There were two other narrative structures Doyle could have used, namely Holmes’s first-person narrative or the omniscient narrator.

First person narrative would have destroyed the suspense, because Holmes would have been explaining his thought process as he went along, thus solving the case in the middle of the story for himself, rather than solving it for the reader at the end. Furthermore, Holmes inevitably would have been calling attention to his own intelligence, thus appearing insufferably conceited and hence unappealing to the reader. Superior intelligence is a more appealing trait when it is observed by others than proclaimed by the savant himself.

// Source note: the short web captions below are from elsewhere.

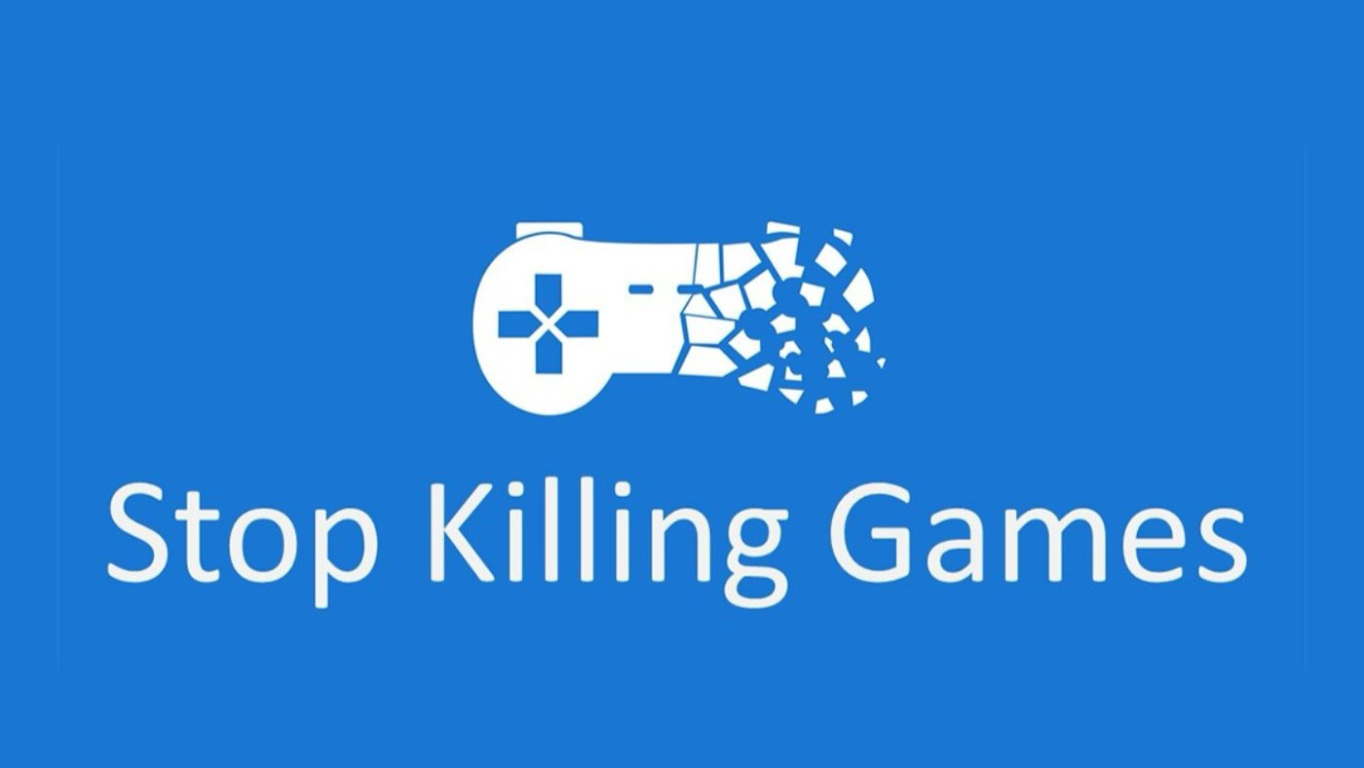 Du besitzt deine Spiele nicht: Publisher-Lobby macht Front gegen „Stop Killing Games“-Gesetz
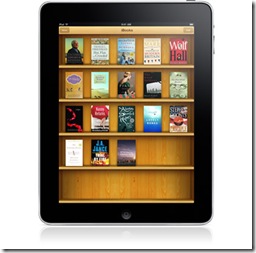iPad-iBook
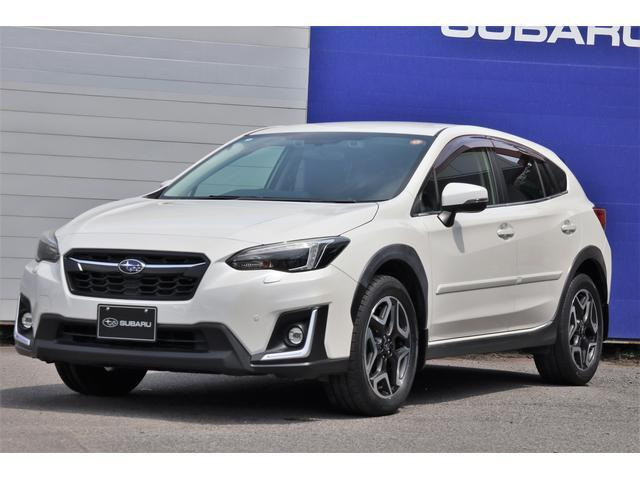 XV 2.0i-S アイサイト 4WD 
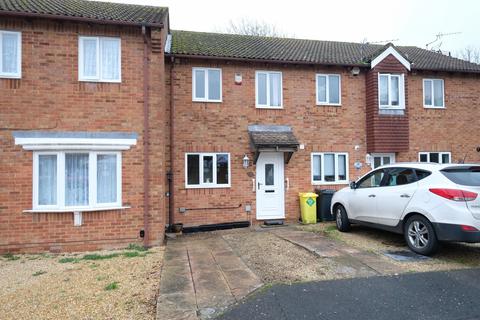 2 bedroom terraced house for sale, Pebble Court, Marchwood SO40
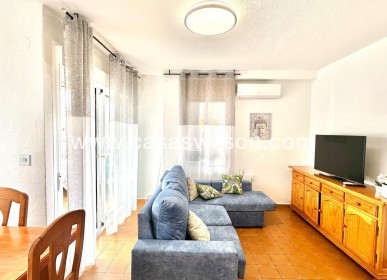 Venta - Apartamento - Torrevieja - Centro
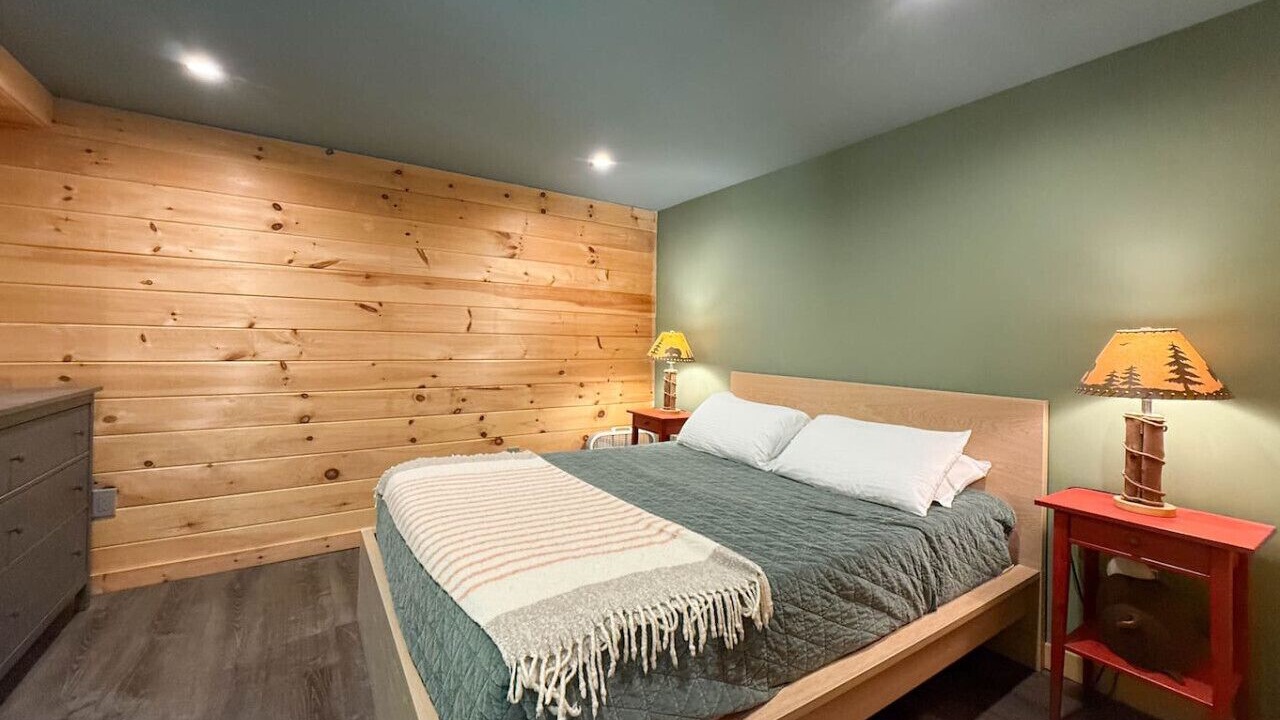 Photo of Bedroom in Birchview by the Saco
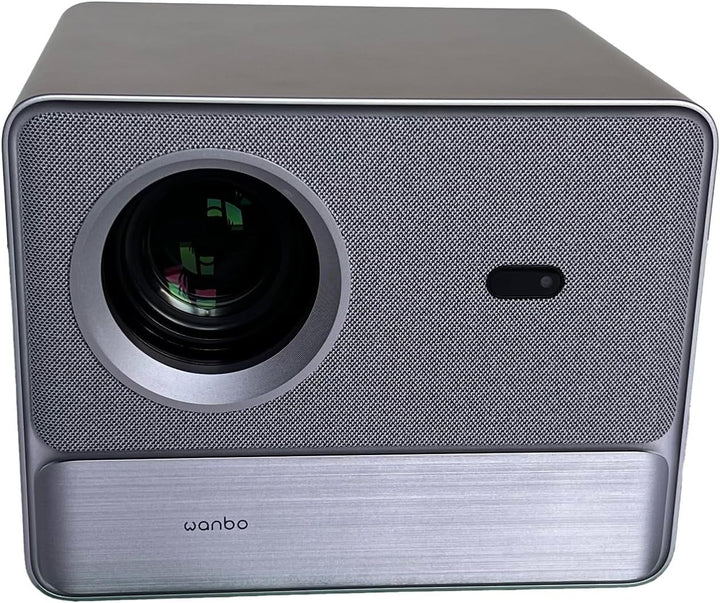 Projetor Portátil Wanbo Davinci 1 Pro 600Lm FHD WiFi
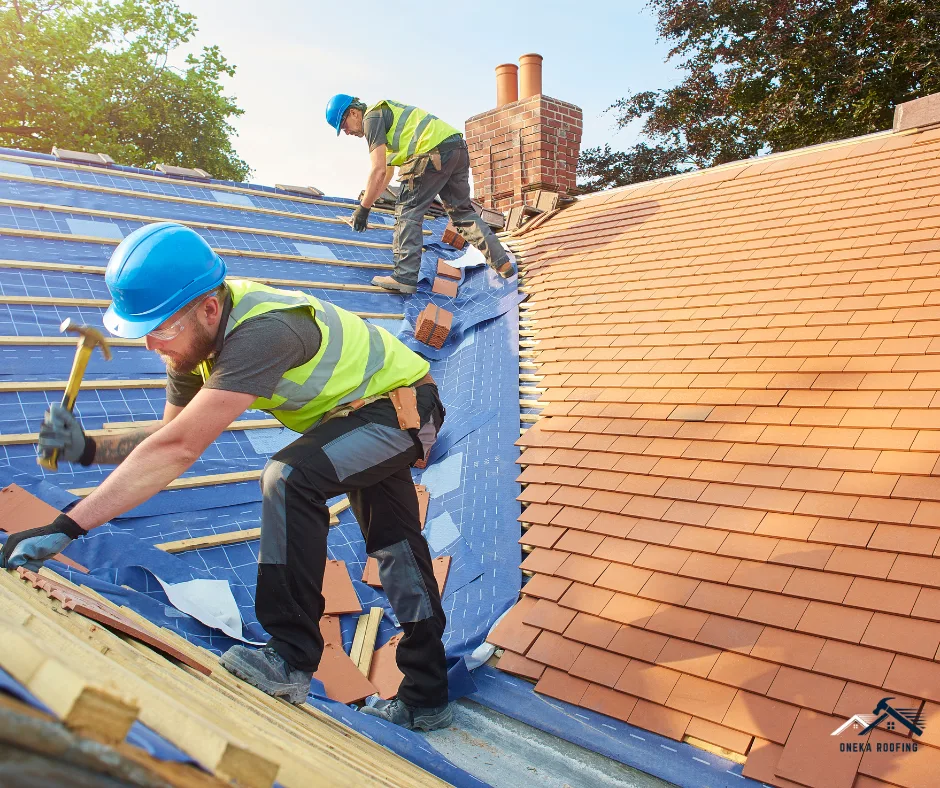 Why choose Roof Repair Near Me in Smiths Creek, MI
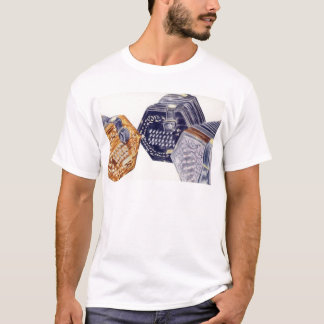 Concertina T-skjorta T-shirt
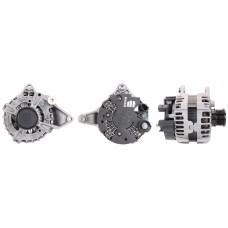 Alternador Alternador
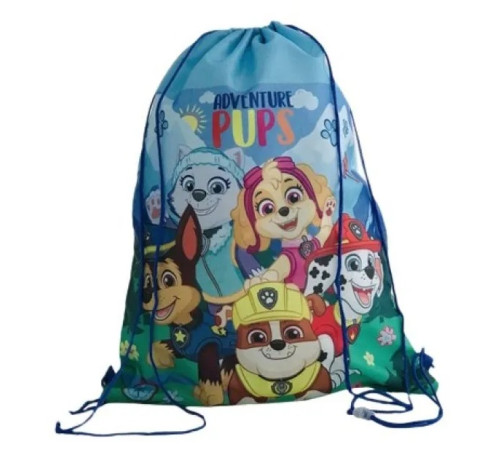 total office pat21881 sac sport "paw patrol"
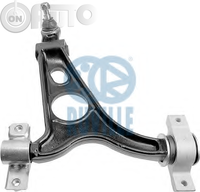 Brat -  suspensie roata 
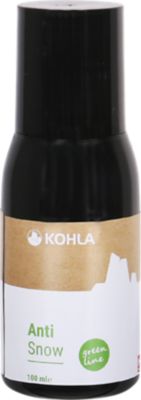 KohlaAnti Snow Spray - keine
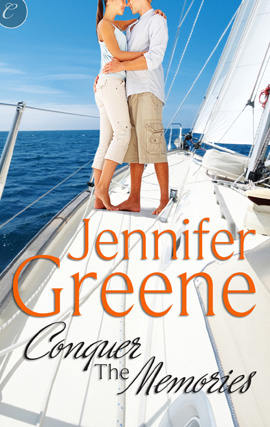 Title details for Conquer the Memories by Jennifer Greene - Available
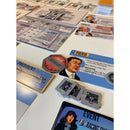 Derrocar The week of Five Presidents Game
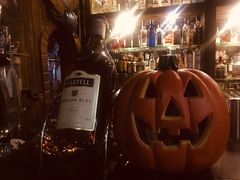 -爵士花园音乐酒吧餐厅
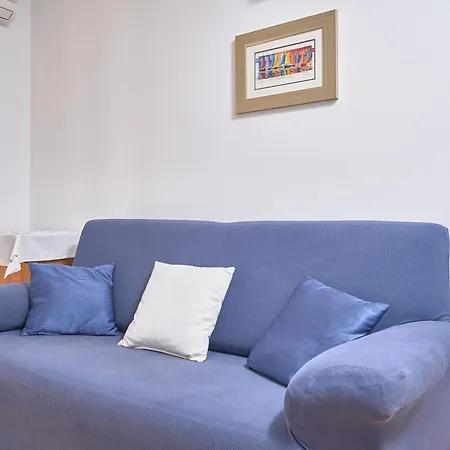 Appartement Andrea Mit Stadtblick Split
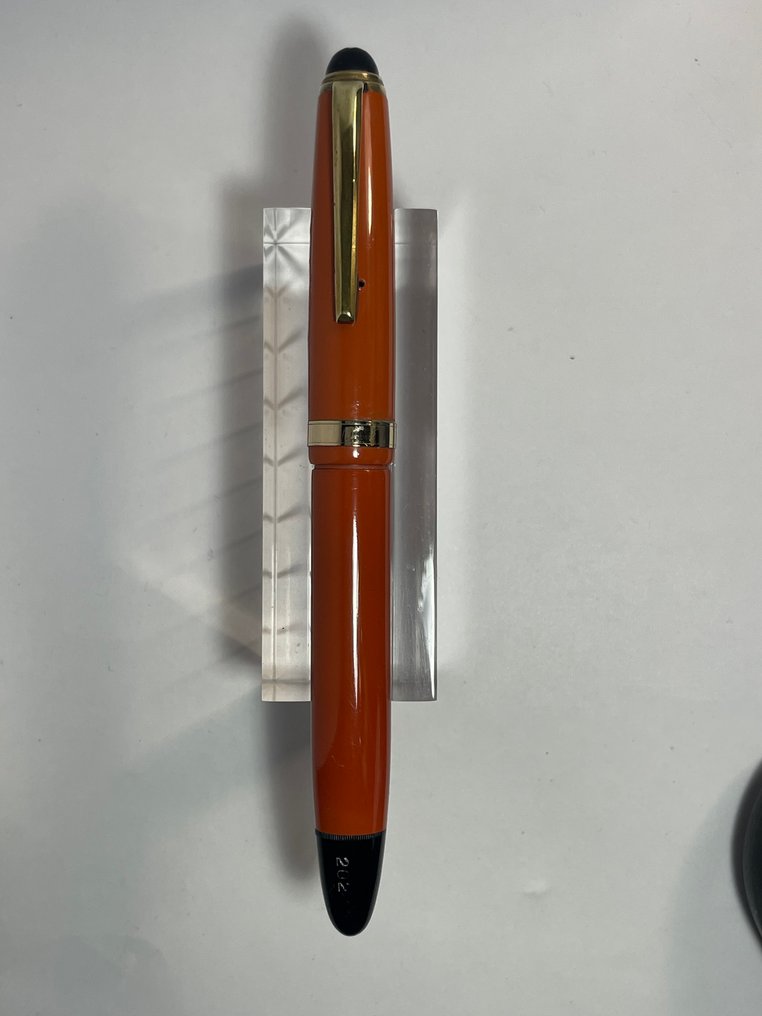 Montblanc - Fyllepenn #1.0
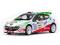 SUN STAR Peugeot 207 S2000 1 E.G Ojeda 1/18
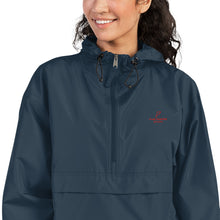 Load image into Gallery viewer, Flag Hunter Sports - Racing Jacket - Women's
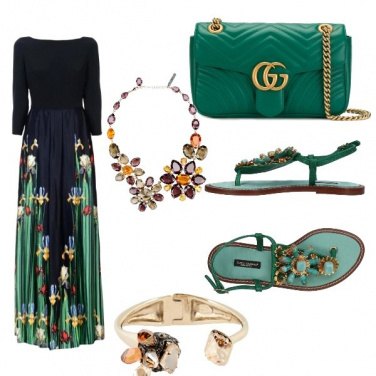 Outfit Chic #5725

An omniscient narrator would have been a better choice. The narrator could have maintained suspense by keeping the revelations to the denouement, say with Holmes explaining his thinking to his professional colleagues at Scotland Yard or by writing it up in a diary. But telling the story from the point of view of an omniscient narrator would have called attention to the fictional nature of the stories as the product of Doyle’s authorial intelligence.

By establishing a dialogue between Holmes, the guru, and Watson, the thoughtful follower, Doyle, wisely, put himself completely in the background. The stories thus establish a seamless narrative experience in which the reader can readily immerse himself/herself. And that is why, to Doyle’s chagrin, when he decided to kill off Holmes, his bereaved audience demanded that he be resurrected.